Inoltre, per ragioni di equità, bisogna istituire un’imposta patrimoniale straordinaria sui grandi patrimoni (mobili e immobili), con aliquota personale congrua. Si tratta di stabilire per ciascun titolare del patrimonio un’apposita aliquota, mettendo a confronto il patrimonio detenuto con la documentazione storica dei redditi dichiarati al fisco nel più lungo arco di tempo consentito dal sistema informativo dell’anagrafe tributaria; occorre anche prevedere un criterio di calcolo dell’imposta di successione e donazione basato sullo stesso principio.

La necessità di una politica responsabile

Purtroppo, oggi manca una classe politica in grado di raccogliere la sfida, cioè parlamentari e ministri responsabili che abbiano come orizzonte il benessere della comunità e non le prossime elezioni. Manca anche un popolo consapevole, che sappia eleggere come propri rappresentanti coloro che hanno davvero a cuore la giustizia sociale e il futuro del Paese e che tengano in considerazione i diritti delle prossime generazioni, alle quali abbiamo il dovere di non lasciare in eredità il fardello del debito pubblico.
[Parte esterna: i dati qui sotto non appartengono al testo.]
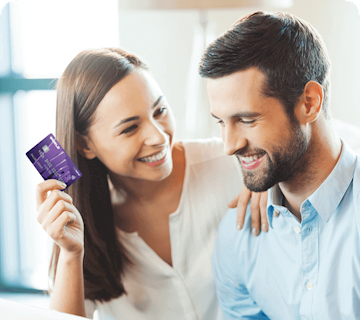 Yapı Kredi’den tüm faturalarınız için Ödeme Merkezi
Di fronte a questa situazione ci si aspetterebbe un soprassalto di attenzione, una ripresa della consapevolezza che non è sensato continuare su questa falsariga. Tanto più che nei documenti di previsione dei prossimi anni è già indicato un ulteriore aumento del debito sia in termini assoluti sia in relazione alla ricchezza prodotta (rapporto debito/PIL). Dovrebbe scattare un allarme politico, perché chi è molto indebitato (e l’Italia ha il più grande debito in Europa) non dispone delle risorse necessarie per dare risposte concrete ai bisogni sociali e per garantire i diritti riconosciuti dalla Costituzione.
Periodicamente viene pubblicato il dato del nuovo record del debito pubblico, ma questa informazione -fondamentale per le sorti del Paese – viene appresa come l’arrivo di una nuova perturbazione metereologica, che prima o poi passerà. Ma il debito resta con tutte le conseguenze negative. Eppure, la notizia scivola via nell’indifferenza generale, come se non ci riguardasse. Chissà per quale ragione di fronte al problema del debito pubblico, il patriottismo – spesso esibito con orgoglio – scompare.
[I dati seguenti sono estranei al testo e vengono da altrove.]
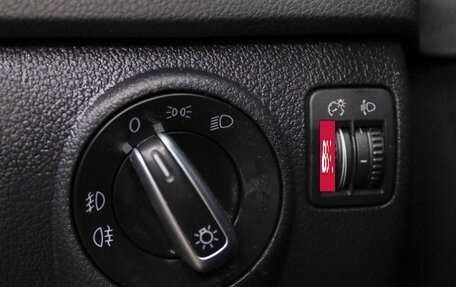 Volkswagen Tiguan I, 2012 год, 1 629 000 рублей, 8 фотография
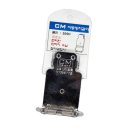 원터치공업사 이미지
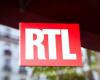 Radio: menos publicidad para más oyentes, la apuesta de RTL: Noticias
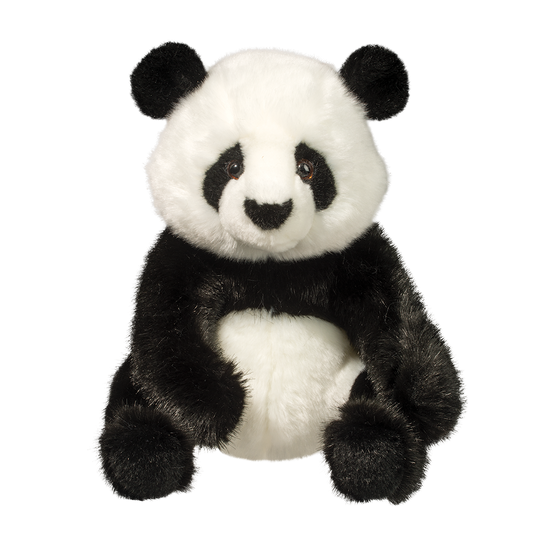 Paya Panda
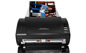 Kodak ps410 Color Photo Scanner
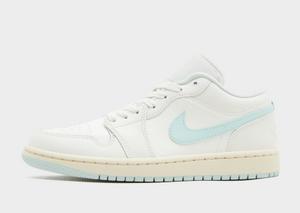 Jordan Air Wmns 1 Low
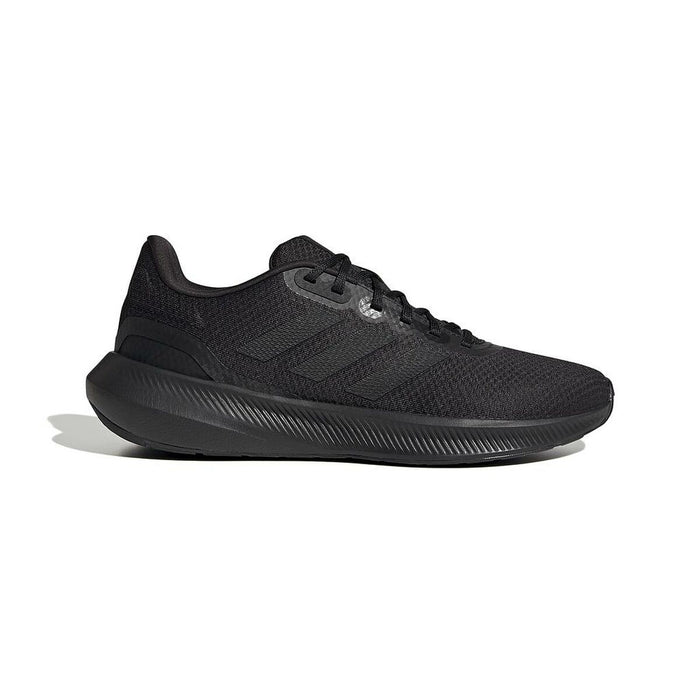 Încălțăminte Sport Bărbați Adidas RUNFALCON 3.0 HP7544 Negru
Viene in mente la storiella raccontata da Piero Calamandrei agli studenti milanesi nel 1955 in un discorso sulla Costituzione: “Due emigranti, due contadini traversano l’oceano su un piroscafo traballante. Uno di questi contadini dorme nella stiva e l’altro sta sul ponte e si accorge che c’era una gran burrasca con delle onde altissime, che il piroscafo oscilla. E allora questo contadino impaurito domanda ad un marinaio: «Ma siamo in pericolo?». E questo dice: «Se continua questo mare tra mezz’ora il bastimento affonda». Allora lui corre nella stiva a svegliare il compagno. Dice: «Beppe, Beppe, Beppe, se continua questo mare il bastimento affonda». Quello dice: «Che me ne importa? Non è mica mio».
Il debito pubblico sta creando grosse falle nella barca Italia e rischia di farla affondare. Massimiliano Dona, presidente dell’Unione Nazionale Consumatori, ha recentemente dichiarato: “Se considerassimo questo debito come un debito personale, sarebbe un livello di indebitamento da infarto, pari a 48.524 euro. Anche in questo caso, si tratta del dato peggiore mai registrato. Se fosse un debito familiare, in media ammonterebbe a 108.438 euro”.
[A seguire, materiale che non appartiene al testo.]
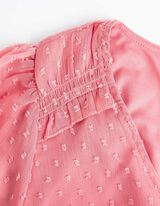 &Scaron;aty - &Scaron;if&oacute;n - ruzova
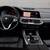 2021 BMW X5 Black **Save Today - BUY NOW!** 20 thumbnail
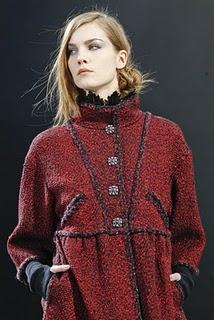 cold, cold winter cold, cold winter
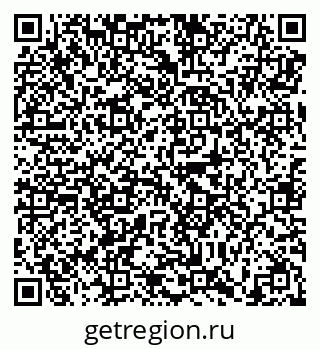 79638897019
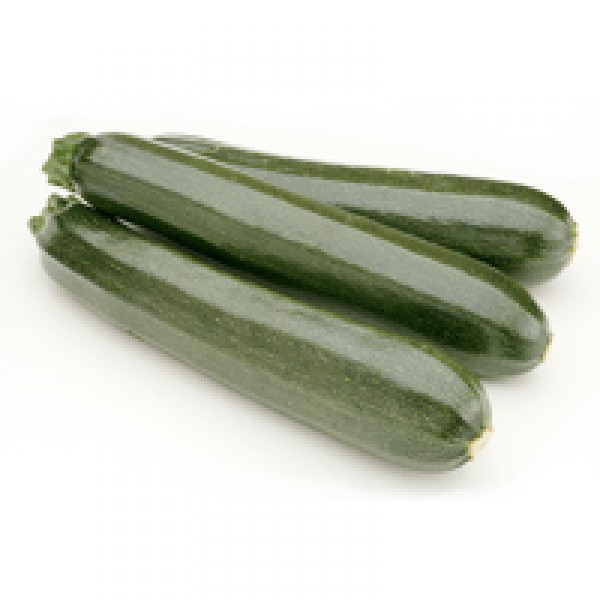 Zucchini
Forse è necessario far scattare questo “se” per passare dall’indifferenza alla responsabilità. Ogni genitore personalmente cerca di non lasciare debiti ai figli. Collettivamente invece stiamo lasciando un carico pesante alle generazioni future. Stiamo lasciando il debito come dono ai posteri. Un dono avvelenato, ingiusto e immorale. Ne siamo consapevoli?